- Exercise
The entries that follow should come back exactly, with no pictures among them.
● ● ● ● ● ● ●
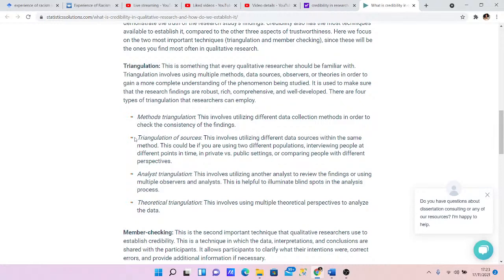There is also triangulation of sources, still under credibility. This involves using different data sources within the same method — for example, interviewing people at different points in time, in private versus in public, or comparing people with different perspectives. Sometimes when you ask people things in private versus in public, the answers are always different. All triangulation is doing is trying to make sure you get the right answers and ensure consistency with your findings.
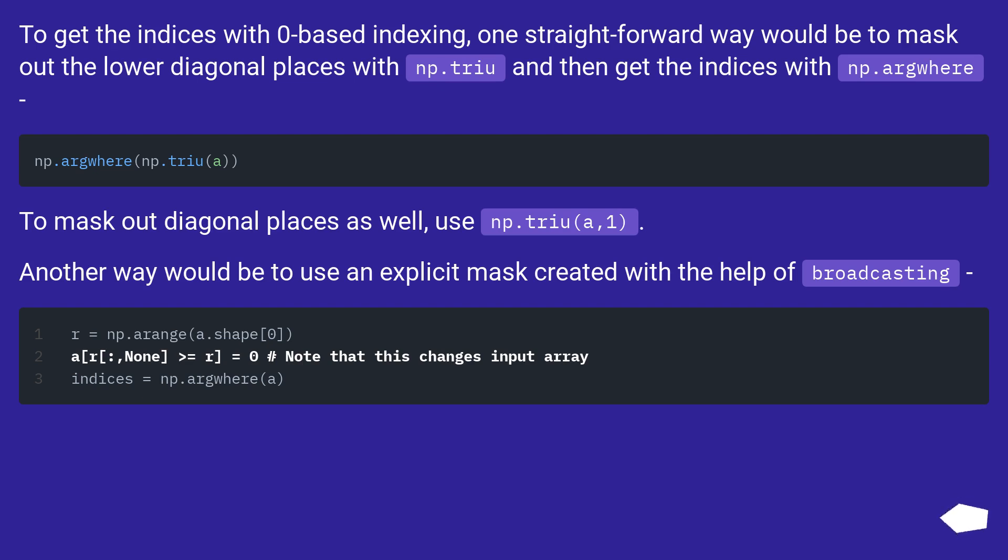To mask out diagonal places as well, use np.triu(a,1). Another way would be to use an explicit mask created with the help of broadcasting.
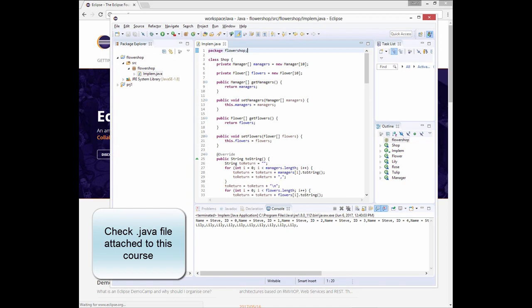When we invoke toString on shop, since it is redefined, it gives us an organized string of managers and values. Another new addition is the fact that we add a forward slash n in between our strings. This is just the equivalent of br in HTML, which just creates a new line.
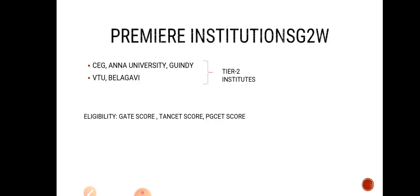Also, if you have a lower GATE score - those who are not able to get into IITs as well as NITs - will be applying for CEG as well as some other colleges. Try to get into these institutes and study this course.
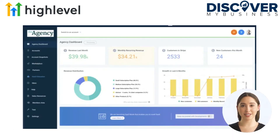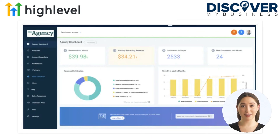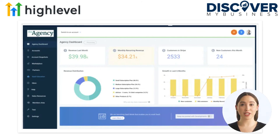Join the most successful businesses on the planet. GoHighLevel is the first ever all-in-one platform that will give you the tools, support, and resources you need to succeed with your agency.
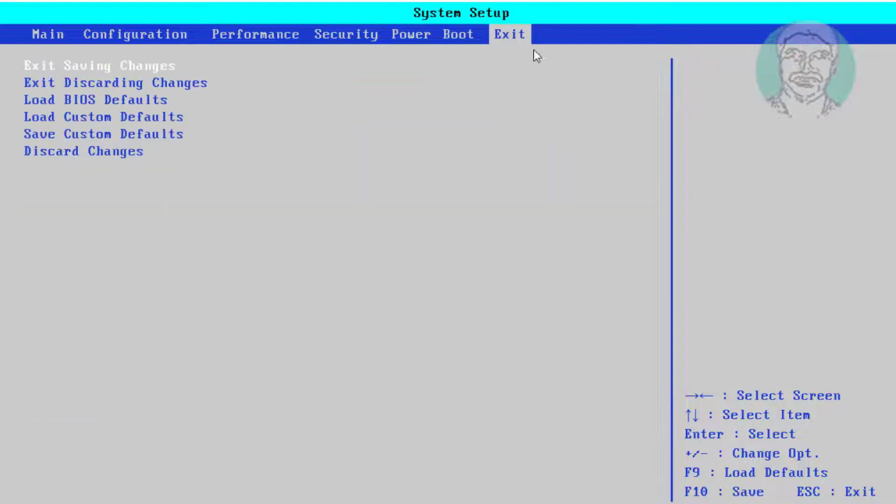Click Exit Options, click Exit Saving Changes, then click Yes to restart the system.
● ● ● ● ● ● ●
- Exercise output
There is also triangulation of sources, still under credibility. This involves using different data sources within the same method — for example, interviewing people at different points in time, in private versus in public, or comparing people with different perspectives. Sometimes when you ask people things in private versus in public, the answers are always different. All triangulation is doing is trying to make sure you get the right answers and ensure consistency with your findings.
To mask out diagonal places as well, use np.triu(a,1). Another way would be to use an explicit mask created with the help of broadcasting.
When we invoke toString on shop, since it is redefined, it gives us an organized string of managers and values. Another new addition is the fact that we add a forward slash n in between our strings. This is just the equivalent of br in HTML, which just creates a new line.
Also, if you have a lower GATE score - those who are not able to get into IITs as well as NITs - will be applying for CEG as well as some other colleges. Try to get into these institutes and study this course.
Join the most successful businesses on the planet. GoHighLevel is the first ever all-in-one platform that will give you the tools, support, and resources you need to succeed with your agency.
Click Exit Options, click Exit Saving Changes, then click Yes to restart the system.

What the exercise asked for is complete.